As I enter the twilight years of my life – or at least the latter half of my life – I have come to the conclusion that I will never fully understand women and sex. However, I have gotten better than the stumbling young man I used to be and wanted to share some random observations that may help other stumbling men (and women).
There is no order or priority to this rambling list of thoughts on sex:
~~ I watched a French movie recently that had sex as its main theme. So, what else is new (about French movies), you say? Well, this one – Blue Is the Warmest Color – had the unusual effect of actually influencing my thinking on an aspect of human sexuality.
“Blue” was a Cannes favorite and its two stars both got special awards at this infamous film festival. In fact, one of the two – Lea Seydoux – has been cast as the 24th Bond Girl – a noble achievement indeed.

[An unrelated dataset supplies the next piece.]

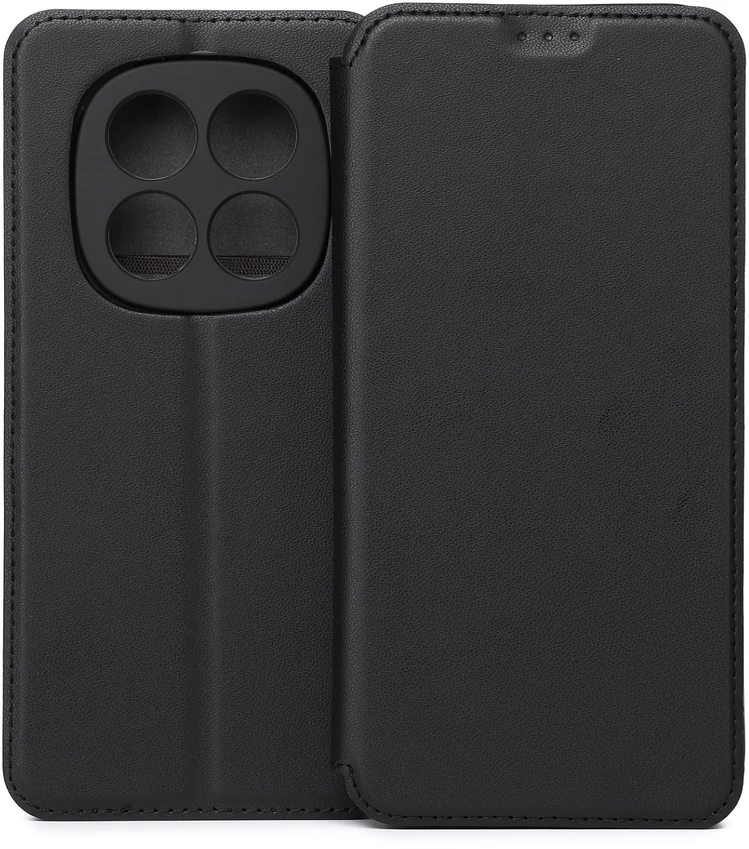 TFO „Smart Touch“ dėklas, skirtas Xiaomi Redmi Note 15 Pro 5G (EU), juodas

This film is about the budding sexuality of an about-to-turn 18-year-old young woman. She has an encounter with a slightly older woman that turns into a full-blown lesbian relationship.
Given this was a French film; it was both long and explicit. Three hours for an intimate romantic tale is truly beyond what ANY American film would ever attempt. And, the NC-17 rating, due to its sex scenes, would never pass even contemporary values-naked Hollywood.
But, I warmed up to this film. First, the two lead performances were incredibly real. Their honors at Cannes were deserved. And, whether it was the few (two or three) explicit sex scenes or not, the movie gave me an understanding of lesbian love I’d never had before.
Why is this relevant? Because all love is condoned today. There is little shame associated with being gay, single, divorced, or choosing celibacy. This is a gigantic change in the human experience and a first in human history. Whether this is a good or bad thing, I leave to your judgment.
~~ Where do our kids learn about sex? Where do they learn about sex technique? I bumbled along for years because I had NO teachers. Without getting graphic, I admit I truly didn’t even understand the female anatomy until well into my adulthood.
Do our kids learn much in Sex Ed today? Yeah, they see photos and bananas, but do they really learn anything that will enhance their sexual lives as they begin that journey? I don’t know. I suspect not.
There’s lots of access to photos and video for anyone. But, I’ve learned that the most basic of all tools is the one that was taught to me the least – simply talking to and listening to your partner.
In my teen years and early 20’s, I never had a female partner who asked me for anything (sexually) or told me anything. I saw Sean Connery in James Bond and I saw a few Playboy magazines, but that was about the extent of my sexual education. Oh, my dad took me to a BBQ joint and sort of explained how it worked – I had NO clue about what he said then!
~~ Are women really more empowered today? We read about middle-school girls giving blowjobs to middle-school boys. We read and see how many middle-school girls dress (like “Ho’s”). And, we certainly have heard or seen how many middle-school girls text inappropriate photos of themselves with often dire consequences.
Where are the feminists in all of this? I think the feminists have done more damage to women AND men than good. Yes, we all agree there should be equal pay for equal work and, for the most part, that is the case in America. Title IX was supposed to create equality in sports among boys and girls but has largely resulted in killing many college men’s sports programs.
I believe the feminist mantra of we are all the same has completely backfired and the denial of our sexual behavioral differences has hurt both women and men.
Women don’t generally enjoy promiscuous behavior – go ahead, call me sexist – while men would live Hugh Hefner’s life in a nano-second if they could.
So, the upshot is a lot of confusion. Women feel they need to act more sexual than their instincts inform them while men feel they must act more metro than most women find attractive. A conundrum without a doubt!
~~ Music used to provide the images and lyrics of romantic love. Today’s music still includes love songs but I’m not so sure “love” is at the core of many of them. Some aspects of pop music seem to be hardly empowering to women and simply emphasize the go-for-it sexual mantra in some quarters of our society.
Do people really put on Snoop Doggy Dog when they want to make love? Is it the same as Sinatra? Do songs with lyrics about “bitches” and “ho’s,” along with a steady supply of the f-word really inspire romance by the fireplace?
Call me old-fashioned. PLEASE. What do you think about the state of sex in America today? Do you think our kids really know ANY more than we did?